Bankroll Management for Sports Bettors
Bankroll management is the difference between long-term losing and long-term surviving. Even a skilled bettor with a 55% win rate will go bust if they stake too much per wager. Here's the framework professionals use.
Define your bankroll
Your bankroll is money set aside specifically for betting, separate from rent, savings, and discretionary spending. Treat it like an investment account: once funded, you don't add more for at least the season. A common starting bankroll is one week's discretionary income; typically $200-$2,000 depending on your situation.
Standard unit sizing
A "unit" is 1-2% of your bankroll. On a $1,000 bankroll, one unit = $10-20. Standard recreational bets are 1 unit. Strong opinion bets are 2-3 units. Never bet more than 5 units on a single wager regardless of confidence; variance will eventually break you.
Why flat betting beats Martingale
Doubling your stake after every loss (Martingale) feels safe in the short run but mathematically guarantees ruin given enough trials. Flat betting (same stake every wager) is the simplest correct strategy. The Kelly Criterion is the mathematically optimal sizing for advantaged bettors but is too aggressive for most recreational use.
Track every bet
Spreadsheet every wager: date, sport, market, odds, stake, result, profit/loss. Without tracking, you cannot know whether you're actually profitable or whether memory bias is misleading you. Most professional bettors review their full ledger weekly.

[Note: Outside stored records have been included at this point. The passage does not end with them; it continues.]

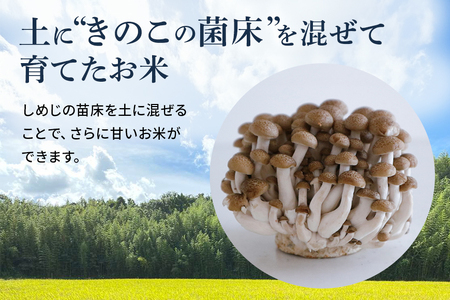 令和7年産新米 白米 5kg 栽培期間出来るだけ農薬を減らして作った「かすみ米」 茨城県産 コシヒカリ 米 お米 ご飯 ごはん 低農薬 しめじ菌床活用 甘み豊か 粘土質土壌育ち 健康志向 自然栽培 産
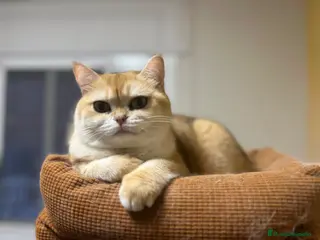 Británico de Pelo Corto gatos Hogar definitivo para Luna - Anuncio 1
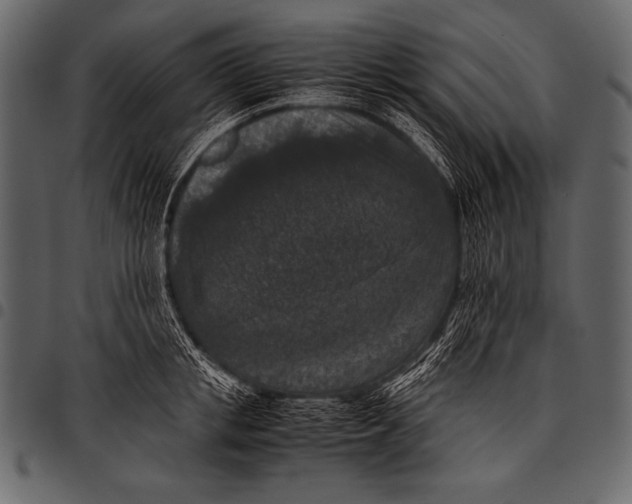 X0000097460853200803201424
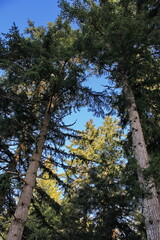 Obraz premium The top of a large pine tree has a blue sky behind it.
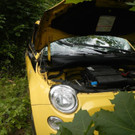 DSCN6354.JPG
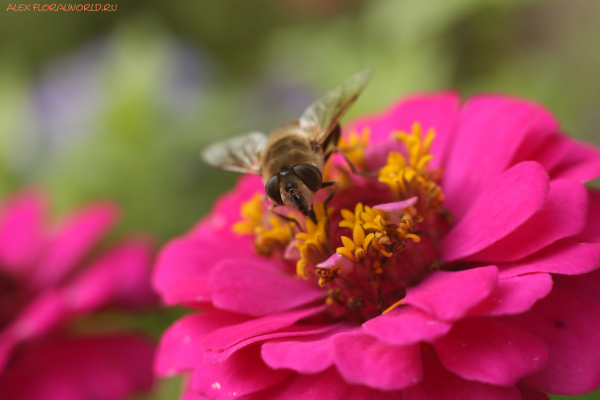 Пчеловидка на цинии
Ключевые слова: пчеловидка циния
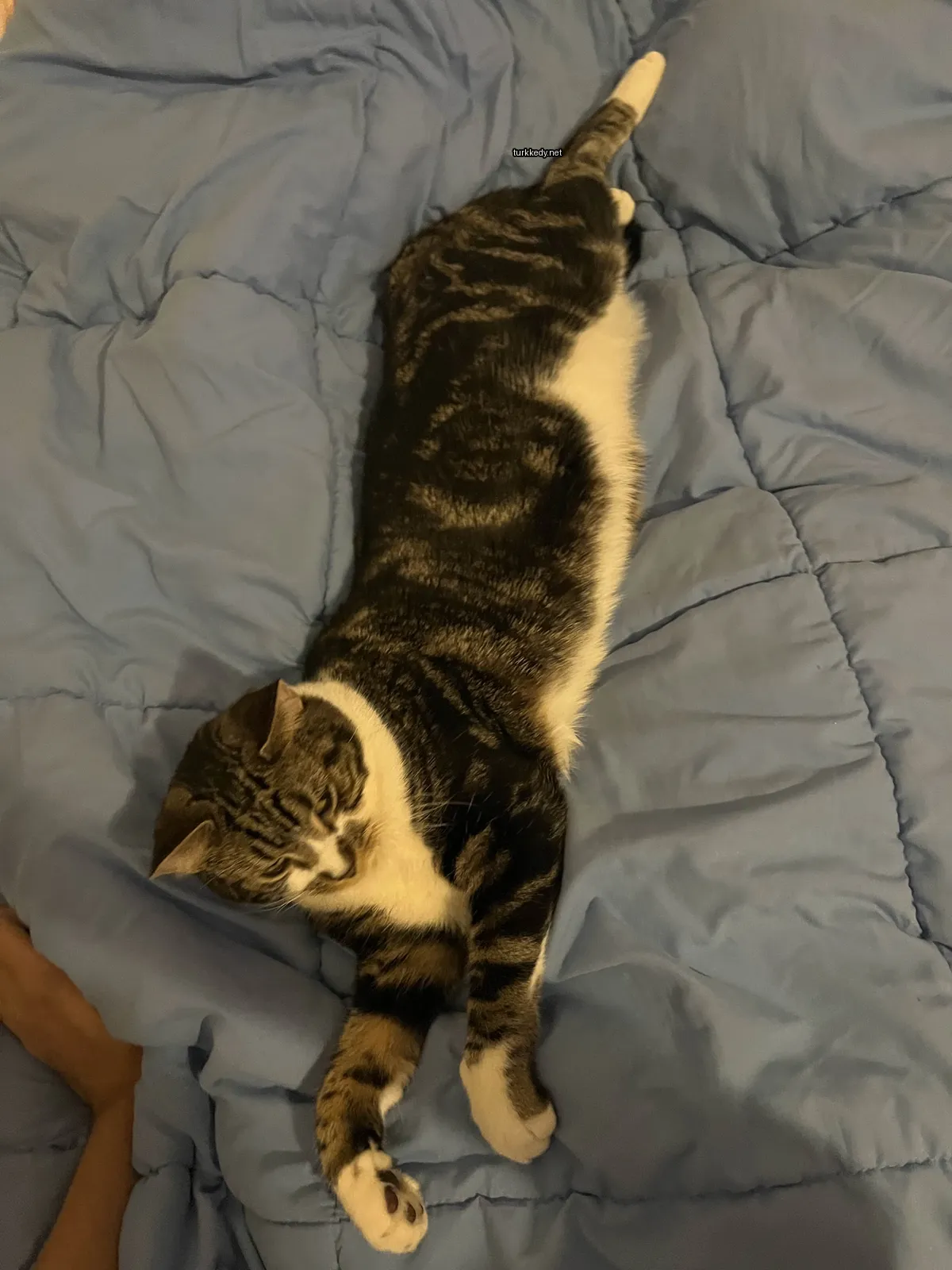 Beyaz ve siyah bir kedi yatakta yatıyor.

Responsible gambling tools
Every licensed Louisiana sportsbook lets you set deposit limits, wager limits, session time-outs, and self-exclusion periods. Use them proactively. If betting stops being fun, take a break; the games will still be there next month.
FAQ
How much should I bet per game?
1-2% of your bankroll per wager is the standard recommendation. On a $500 bankroll, that's $5-$10 per bet.
Should I increase stakes when I'm winning?
You can recalculate units quarterly as your bankroll grows. Avoid mid-streak increases driven by emotion; that's how variance breaks bettors.